Mechanisms of cisplatin-induced nephrotoxicity
The application of cisplatin chemotherapy is often limited by severe adverse effects, including nephrotoxicity, ototoxicity, neurotoxicity, and vomiting. Nephrotoxicity, which is the major limiting factor of cisplatin use, involves various mechanisms, such as oxidative stress, apoptosis, inflammation, and autophagy (Fig. 2). Understanding the underlying mechanism is important for investigating intervention strategies for nephrotoxicity.
The mechanisms mainly include the transport and metabolism of cisplatin, apoptosis, autophagy, DNA damage, oxidative stress, and inflammation, which work together to aggravate AKI induced by cisplatin.
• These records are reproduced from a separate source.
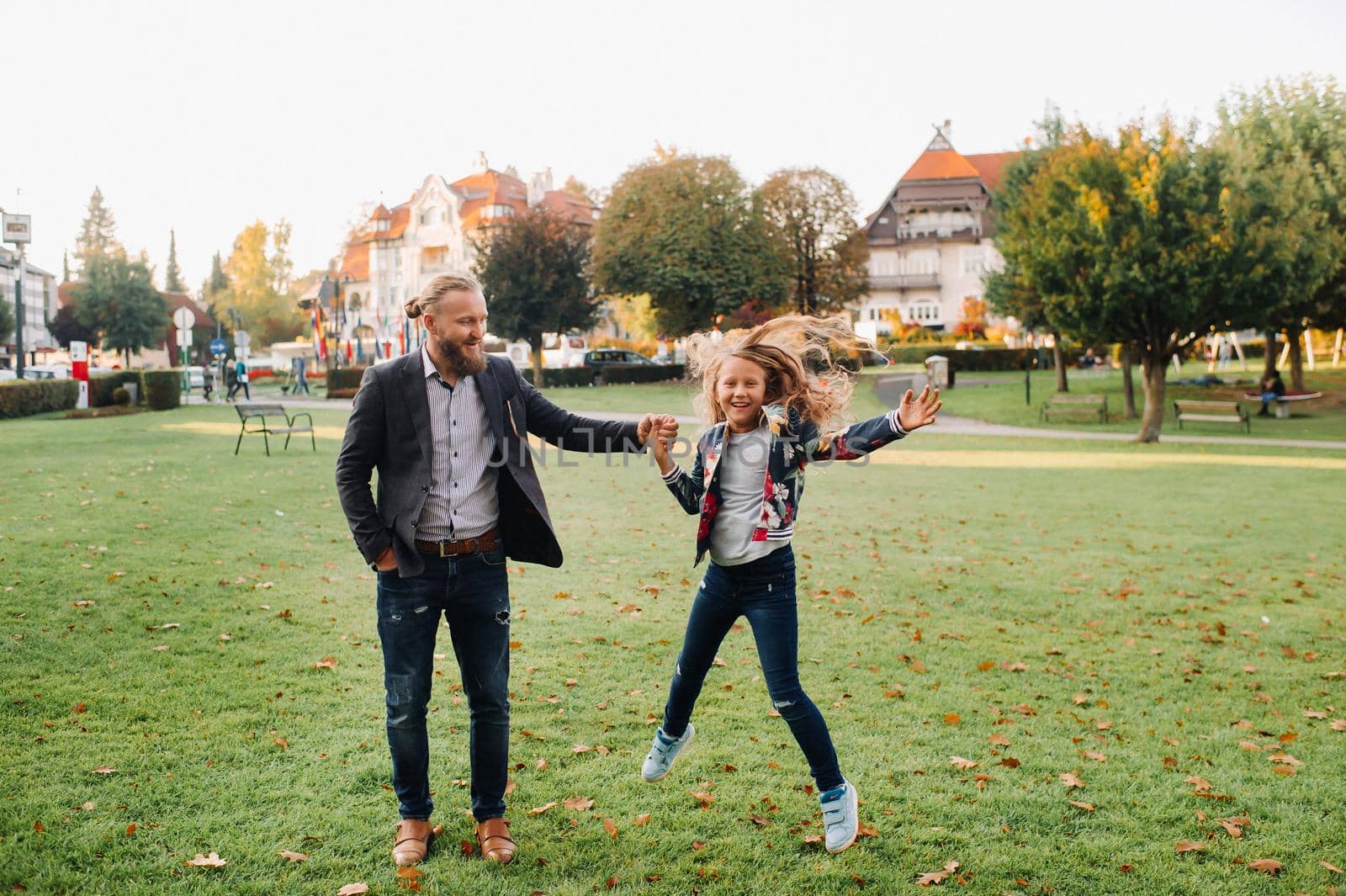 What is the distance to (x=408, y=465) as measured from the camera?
4020mm

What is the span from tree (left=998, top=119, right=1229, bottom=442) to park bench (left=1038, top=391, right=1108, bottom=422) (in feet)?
16.5

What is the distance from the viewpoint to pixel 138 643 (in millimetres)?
6855

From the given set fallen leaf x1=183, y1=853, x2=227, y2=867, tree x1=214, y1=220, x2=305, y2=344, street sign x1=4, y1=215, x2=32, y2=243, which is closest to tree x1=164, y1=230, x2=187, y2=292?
tree x1=214, y1=220, x2=305, y2=344

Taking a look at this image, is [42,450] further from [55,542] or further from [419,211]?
[419,211]

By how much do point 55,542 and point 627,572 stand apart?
16.7 ft

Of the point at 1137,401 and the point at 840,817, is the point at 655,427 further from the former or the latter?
the point at 1137,401

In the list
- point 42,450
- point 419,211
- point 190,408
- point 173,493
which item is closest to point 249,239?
point 419,211

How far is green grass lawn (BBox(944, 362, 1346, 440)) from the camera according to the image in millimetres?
28580

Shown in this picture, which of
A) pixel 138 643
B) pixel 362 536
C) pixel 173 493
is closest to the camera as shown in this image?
pixel 362 536

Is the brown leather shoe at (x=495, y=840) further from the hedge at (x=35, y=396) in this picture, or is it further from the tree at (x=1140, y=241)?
the hedge at (x=35, y=396)

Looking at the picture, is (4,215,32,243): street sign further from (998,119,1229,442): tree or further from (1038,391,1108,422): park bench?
(1038,391,1108,422): park bench

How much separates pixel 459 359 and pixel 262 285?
292ft

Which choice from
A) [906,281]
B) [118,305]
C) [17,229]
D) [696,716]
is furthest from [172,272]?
[696,716]

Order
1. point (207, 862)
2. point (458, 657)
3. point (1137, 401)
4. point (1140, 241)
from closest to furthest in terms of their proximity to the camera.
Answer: point (207, 862) < point (458, 657) < point (1140, 241) < point (1137, 401) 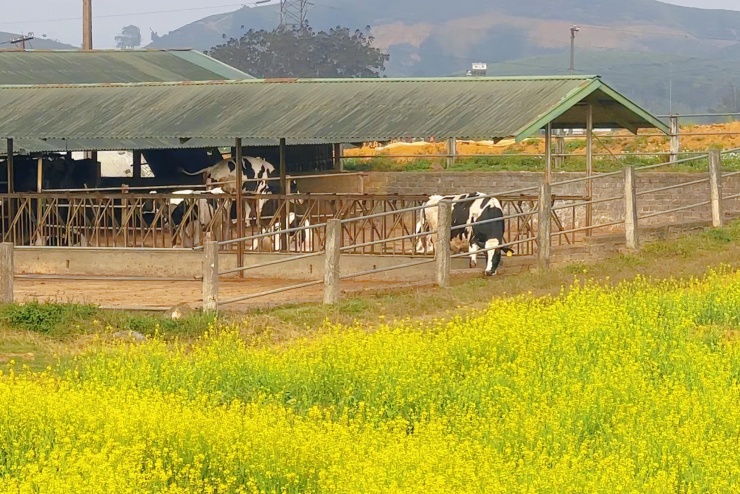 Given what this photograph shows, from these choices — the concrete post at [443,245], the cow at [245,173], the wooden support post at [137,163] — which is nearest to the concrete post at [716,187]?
the concrete post at [443,245]

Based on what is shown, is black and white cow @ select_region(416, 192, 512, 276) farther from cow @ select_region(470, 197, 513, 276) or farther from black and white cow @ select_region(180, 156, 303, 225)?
black and white cow @ select_region(180, 156, 303, 225)

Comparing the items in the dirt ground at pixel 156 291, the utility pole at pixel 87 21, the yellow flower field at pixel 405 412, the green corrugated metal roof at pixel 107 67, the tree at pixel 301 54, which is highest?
the tree at pixel 301 54

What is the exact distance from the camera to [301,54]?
114 m

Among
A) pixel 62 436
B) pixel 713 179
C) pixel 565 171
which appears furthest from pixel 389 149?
pixel 62 436

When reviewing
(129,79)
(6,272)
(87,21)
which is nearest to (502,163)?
(129,79)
Cellular uptake and transport
Cisplatin is mainly excreted through the kidneys. It becomes concentrated during excretion, and the concentration in renal tubular epithelial cells is much higher than that in the blood. In the kidney, cisplatin is absorbed by renal cells via passive diffusion. During excretion, cisplatin and its metabolites are secreted and reabsorbed in the renal tubules during glomerular filtration, leading to a high concentration of cisplatin in the kidneys.
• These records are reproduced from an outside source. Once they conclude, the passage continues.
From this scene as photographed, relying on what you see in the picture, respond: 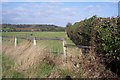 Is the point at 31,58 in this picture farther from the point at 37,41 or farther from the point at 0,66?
the point at 37,41

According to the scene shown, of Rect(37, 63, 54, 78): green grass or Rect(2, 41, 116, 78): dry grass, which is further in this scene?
Rect(37, 63, 54, 78): green grass

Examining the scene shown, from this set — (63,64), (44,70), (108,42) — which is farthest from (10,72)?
(108,42)

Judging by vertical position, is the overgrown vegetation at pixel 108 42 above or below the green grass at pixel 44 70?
above

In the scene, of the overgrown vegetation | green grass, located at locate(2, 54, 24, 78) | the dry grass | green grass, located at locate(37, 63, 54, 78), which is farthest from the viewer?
green grass, located at locate(2, 54, 24, 78)

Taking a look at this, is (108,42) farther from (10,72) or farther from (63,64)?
(10,72)

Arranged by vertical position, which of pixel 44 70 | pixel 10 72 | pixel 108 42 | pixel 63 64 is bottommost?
pixel 10 72

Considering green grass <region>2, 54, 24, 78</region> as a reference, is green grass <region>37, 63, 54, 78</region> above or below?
above

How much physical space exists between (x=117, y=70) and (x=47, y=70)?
336cm

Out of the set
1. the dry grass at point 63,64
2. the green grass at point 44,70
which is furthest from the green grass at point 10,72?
the green grass at point 44,70

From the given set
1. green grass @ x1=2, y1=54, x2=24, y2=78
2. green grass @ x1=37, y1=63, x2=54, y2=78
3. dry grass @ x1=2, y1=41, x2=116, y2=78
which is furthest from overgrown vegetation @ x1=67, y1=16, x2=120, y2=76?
green grass @ x1=2, y1=54, x2=24, y2=78

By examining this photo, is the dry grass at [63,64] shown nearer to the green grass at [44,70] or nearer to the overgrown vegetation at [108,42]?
the green grass at [44,70]

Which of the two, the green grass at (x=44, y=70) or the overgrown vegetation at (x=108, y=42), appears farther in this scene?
the green grass at (x=44, y=70)

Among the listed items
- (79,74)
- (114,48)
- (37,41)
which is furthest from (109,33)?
(37,41)

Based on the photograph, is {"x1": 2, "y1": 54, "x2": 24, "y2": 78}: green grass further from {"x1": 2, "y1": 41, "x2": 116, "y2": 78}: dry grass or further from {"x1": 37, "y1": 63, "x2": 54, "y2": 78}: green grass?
{"x1": 37, "y1": 63, "x2": 54, "y2": 78}: green grass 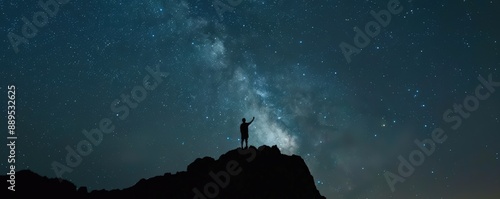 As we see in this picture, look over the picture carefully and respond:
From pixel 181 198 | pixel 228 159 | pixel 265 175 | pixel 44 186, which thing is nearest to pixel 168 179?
pixel 181 198

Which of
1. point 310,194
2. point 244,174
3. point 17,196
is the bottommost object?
point 310,194

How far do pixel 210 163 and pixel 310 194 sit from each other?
21.7 ft

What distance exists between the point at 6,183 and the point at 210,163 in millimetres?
11761

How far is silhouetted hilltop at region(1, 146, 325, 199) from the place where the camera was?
70.8ft

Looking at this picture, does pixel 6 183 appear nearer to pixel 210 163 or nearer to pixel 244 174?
pixel 210 163

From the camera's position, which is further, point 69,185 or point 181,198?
point 69,185

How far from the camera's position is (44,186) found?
22547 mm

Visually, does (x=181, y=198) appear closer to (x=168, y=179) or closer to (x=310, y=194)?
(x=168, y=179)

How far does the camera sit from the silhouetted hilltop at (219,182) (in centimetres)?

Recent studies have shown that cisplatin is taken up by renal tubular cells via OCT2, copper ion transporter 1 (CTR1), and solute carrier family 22 member 2 [21]. In addition, cisplatin is secreted into the lumen by solute carrier family 47 member 1 and multidrug and toxin extrusion 1 [22]. Knockdown of the Oct2 gene can significantly reduce cisplatin-induced nephrotoxicity [23]. Consistently, patients with Oct2 mutations show low OCT2 expression and reduced cisplatin transport into renal tubular cells, resulting in decreased nephrotoxicity [24]. In addition, when CTR1 expression is downregulated, cisplatin uptake and the subsequent cytotoxicity decrease significantly [25]. Moreover, peroxiredoxin I (Prx I)-deficient mice have higher resistance to cisplatin-induced nephrotoxicity than wild-type mice due to increased cisplatin excretion via the high expression of the renal efflux transporters multidrug resistance-related protein 2 (MRP2) and MRP4 in Prx I-deficient mice [26].
DNA damage
Cisplatin mediates its cytotoxic effects by binding DNA to form adducts that cause DNA damage [27]. In an aqueous environment, the chloride ligand of cisplatin is replaced by water molecules to form a positively charged hydrated complex ion, which is transferred to the nucleus by DNA electrostatic attraction. Then, this complex binds to DNA to form an adduct, resulting in DNA cross-linking and preventing DNA synthesis and replication in rapidly proliferating cells [28]. This phenomenon is pronounced in cells with defective DNA repair.
However, cisplatin binds nonspecifically to nuclear DNA, and less than 1% of platinum binds to nuclear DNA [29]. Interestingly, mitochondrial DNA is more sensitive than nuclear DNA to cisplatin-mediated cytotoxicity [30]. The positively charged metabolites produced by the hydrolysis of cisplatin preferentially accumulate in mitochondria, which are negatively charged. Therefore, the sensitivity of cells to cisplatin depends on mitochondrial density and the mitochondrial membrane potential in cells [31]. Given that the renal proximal tubule contains sites of quite high mitochondrial density, it is the most highly sensitive site in the kidney to cisplatin [32].
Apoptosis
It has been reported that a low concentration (8 μM) of cisplatin causes renal tubular epithelial apoptosis, while a high concentration (800 μM) of cisplatin induces necrosis [33]. Cisplatin-induced apoptosis in renal tubular cells is primarily associated with mitochondria-mediated endogenous pathways, death receptor-mediated exogenous pathways, and endoplasmic reticulum stress (ERS) pathways.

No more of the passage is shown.